= Partial zero-emissions vehicle =

Automobile type

A partial zero-emission vehicle, in the United States, is an automobile that has zero evaporative emissions from its fuel system, has a 15-year (or at least 150,000-mile) warranty on its emission-control components, and meets SULEV tailpipe-emission standards.

== Definition and history ==
In California, PZEVs have their own administrative category for low-emission vehicles. The category was made in a bargain between automakers and the California Air Resources Board (CARB), so that automobile makers could delay making mandated zero-emission vehicles (ZEVs)—battery electric and fuel-cell electric vehicles.

The super-ultra-low-emission vehicle (SULEV) standard is more stringent than the ultra-low-emission vehicle (ULEV) and low-emission vehicle standards. All emissions-related components, including the electric-propulsion parts of hybrid electric vehicles, must be warranted for 15 years or 150,000 miles.

Advanced Technology PZEVs (AT-PZEVs) are at least as "clean" as regular PZEVs. CARB also prepared a TZEV (Transitional ZEV, formerly Enhanced AT-PZEV) category for plug-in hybrids (PHEVs) and hydrogen vehicles. (Not to be confused with Hydrogen Fuel Cell Electric Vehicles which are certified as ZEV or Zero Emission Vehicles.) In addition to the 15 year or 150,000 mile warranty (dependent on the automaker for warranty length) for zero evaporative (fuel system) emissions, and SULEV tailpipe emissions, PHEVs must also warranty their traction battery for 10 years or 150,000 miles. While PHEVs and hydrogen internal combustion engine vehicles exist, none meet this stringent standard.

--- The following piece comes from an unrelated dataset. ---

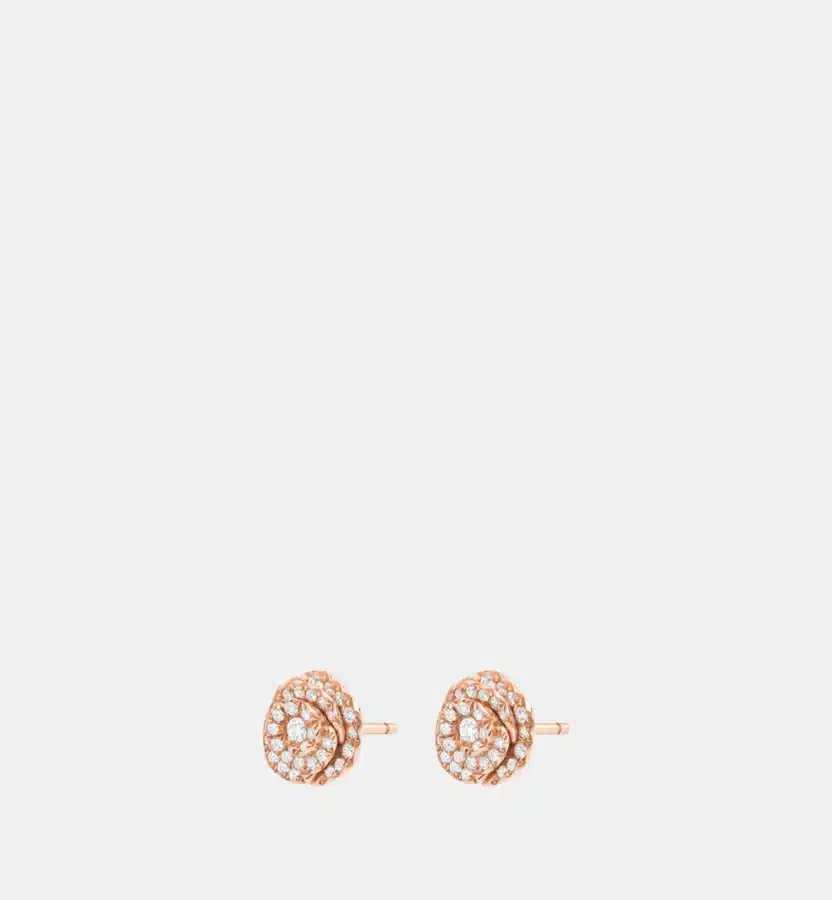 Boucles d'oreilles Rose Dior Couture Dior en or rose, diamant 0.5 ct — photographie du modèle, cote d’occasion GOLDMARKET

Except some hybrids and alternative-fuel vehicles, PZEVs do not inherently offer consumers any kind of incentives other than the extended emissions warranty. In particular, PZEV vehicles do not automatically qualify for the hybrid vehicle tax credit or for the "clean air vehicle" decal that used to allow hybrid car drivers to use car-pool lanes.

PZEVs do, however, provide benefits to the originating automaker in the form of ZEV credits. Automakers must have a certain number of ZEV credits based on the number of vehicles they sell annually in California, with exceptions granted for small volume manufacturers. Without ZEV credits, automakers cannot sell in California. Automakers with excess credits can sell them. No automaker has ever missed compliance.

Originally, PZEVs were available only in California, Maine, Massachusetts, New York, Oregon, Vermont, some regions near those states, and Canada. The six "clean-car states" had implemented California's motor-vehicle pollution-control rules. Other states soon began implementing these standards, including Alaska, Connecticut, Maryland, New Jersey, Pennsylvania, Rhode Island, and Washington, and PZEVs are now widely available in the United States.